Quantum artificial intelligence
Although the principles of quantum mechanics are still conceptually explored, it will help quantum computers achieve significantly greater speed and efficiency than is currently possible on classical computers when performing AI algorithms – this is especially true of machine learning.
Weather forecast
Current calculation models used in weather forecasts use dynamic variables, from air temperature, pressure and density to historical data and other factors that contribute to the creation of climate forecast models. Due to the limited processing power available, classical computers and even ordinary supercomputers are the bottlenecks that limit the speed and efficiency of forecasting calculations.
To predict extreme weather conditions and limit the loss of life and property, we need faster and more robust forecasting models. By utilizing the power of qubits, quantum computing can require the raw processing power to make it happen. Furthermore, machine learning offered by quantum AI can also improve these prediction models.

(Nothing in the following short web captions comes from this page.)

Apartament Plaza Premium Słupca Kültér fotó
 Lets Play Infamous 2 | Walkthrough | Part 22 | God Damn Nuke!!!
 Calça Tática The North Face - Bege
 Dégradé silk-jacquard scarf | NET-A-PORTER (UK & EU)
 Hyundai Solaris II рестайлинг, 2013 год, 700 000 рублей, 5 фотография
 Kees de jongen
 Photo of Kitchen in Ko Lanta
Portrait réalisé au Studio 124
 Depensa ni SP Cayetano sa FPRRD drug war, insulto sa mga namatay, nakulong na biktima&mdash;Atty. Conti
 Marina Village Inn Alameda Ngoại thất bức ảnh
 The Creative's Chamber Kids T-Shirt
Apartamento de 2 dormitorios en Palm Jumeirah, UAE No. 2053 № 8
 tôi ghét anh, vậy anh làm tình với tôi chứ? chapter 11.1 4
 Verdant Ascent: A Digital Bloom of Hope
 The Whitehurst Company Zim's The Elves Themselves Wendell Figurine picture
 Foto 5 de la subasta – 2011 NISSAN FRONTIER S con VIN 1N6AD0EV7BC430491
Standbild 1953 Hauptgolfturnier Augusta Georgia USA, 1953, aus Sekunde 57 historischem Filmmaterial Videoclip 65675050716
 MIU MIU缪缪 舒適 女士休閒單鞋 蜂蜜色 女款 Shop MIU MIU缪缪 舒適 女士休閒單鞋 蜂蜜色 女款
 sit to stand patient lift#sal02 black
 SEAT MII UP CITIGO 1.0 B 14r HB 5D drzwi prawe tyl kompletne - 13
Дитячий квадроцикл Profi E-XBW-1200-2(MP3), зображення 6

Despite the rapid progress, quantum computing is still in its infancy, but it is clearly a game changer capable of solving problems that were previously considered insurmountable for classical computers.
This power offers the most benefits, not only for science and medicine, but also for businesses and industries where fast data processing is important.
As a marketing specialist, I can see a huge benefit to my industry, but others, especially finance and cryptography, will no doubt find the quantum push for their decision-making processes and the quality of their final product very beneficial.
The real question is who is the first one to utilize this power and use quantum accounting as part of their unique value and competitive advantage? The race is underway.